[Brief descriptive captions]
┌────────
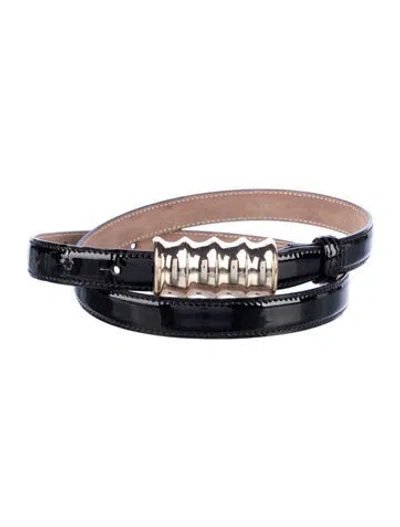 Pre-owned Khaite Skinny Patent Leather Belt Kit In Black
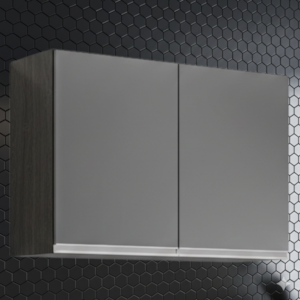 Armario Aereo 2 Portas 80 cm BP Isis Preto Grafite Eratto Moveis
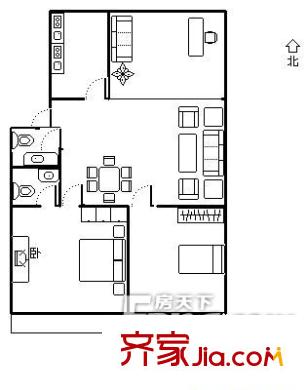 十五大街戶型圖3室 3室2廳2衛(wèi)1廚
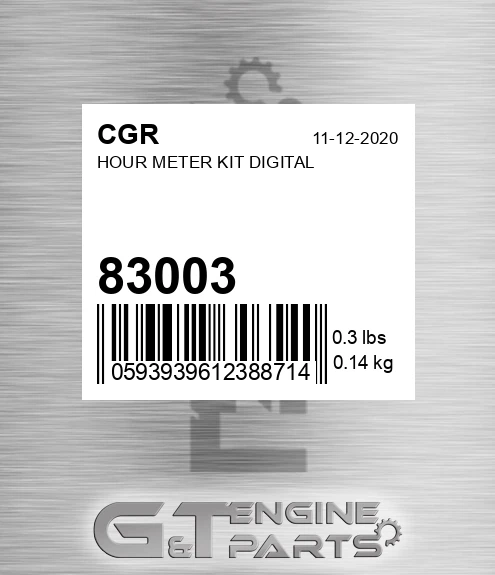 83003 CGR Hour Meter Kit Digital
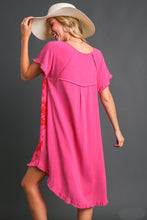 Load image into Gallery viewer, Umgee Linen Blend Dress with Front Floral Print in Hot Pink Dress Umgee   
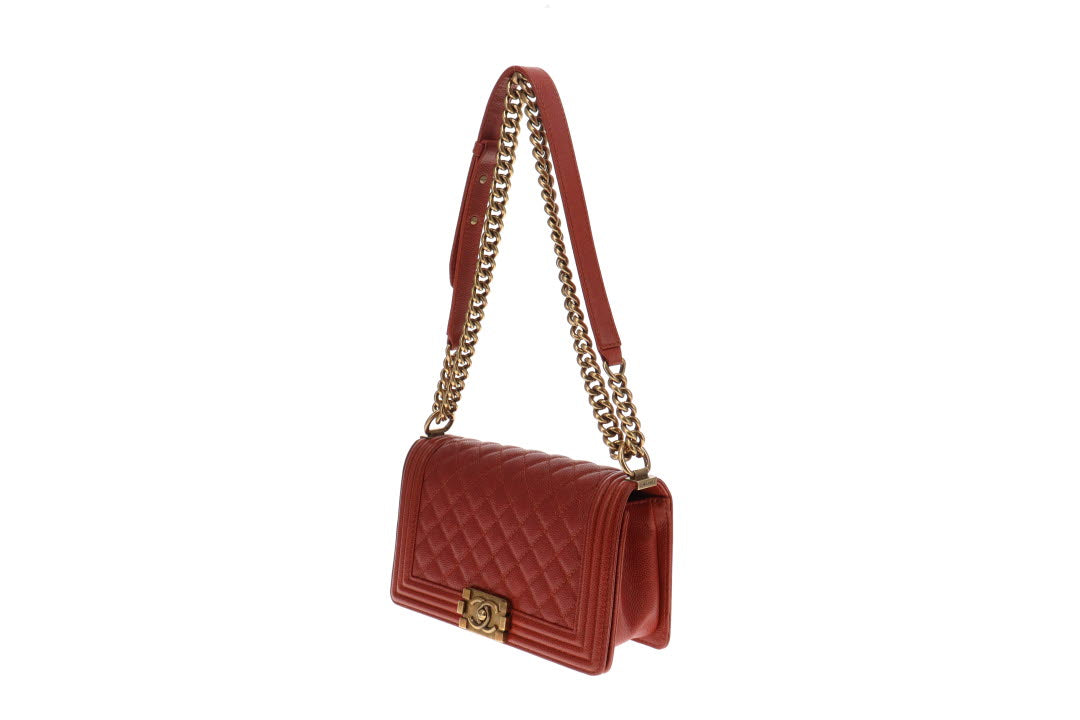 Chanel Rust Caviar Medium Boy Bag 2014/15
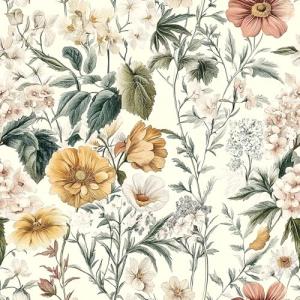 Livebor Vintage Floral Peel and Stick Wallpaper Floral Contact Paper 16.9"x196.8" Boho Neutral Wallpaper Peel and Stick Self Adhesive Wall Paper for Cabinets Bathroom Covering Wall Decorative Vinyl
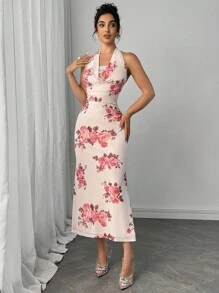 Modelyn Women's Floral Print Draped Neck Bodycon Dress - Pink - View 3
└────────
• Work to be completed: Could you set down nothing but the lines from the one containing "Chanel Rust Caviar Medium Boy Bag 2014/15" through the last line of the records above, both ends included, exactly as given and free of pictures?

• Result:
 Chanel Rust Caviar Medium Boy Bag 2014/15
 Livebor Vintage Floral Peel and Stick Wallpaper Floral Contact Paper 16.9"x196.8" Boho Neutral Wallpaper Peel and Stick Self Adhesive Wall Paper for Cabinets Bathroom Covering Wall Decorative Vinyl
 Modelyn Women's Floral Print Draped Neck Bodycon Dress - Pink - View 3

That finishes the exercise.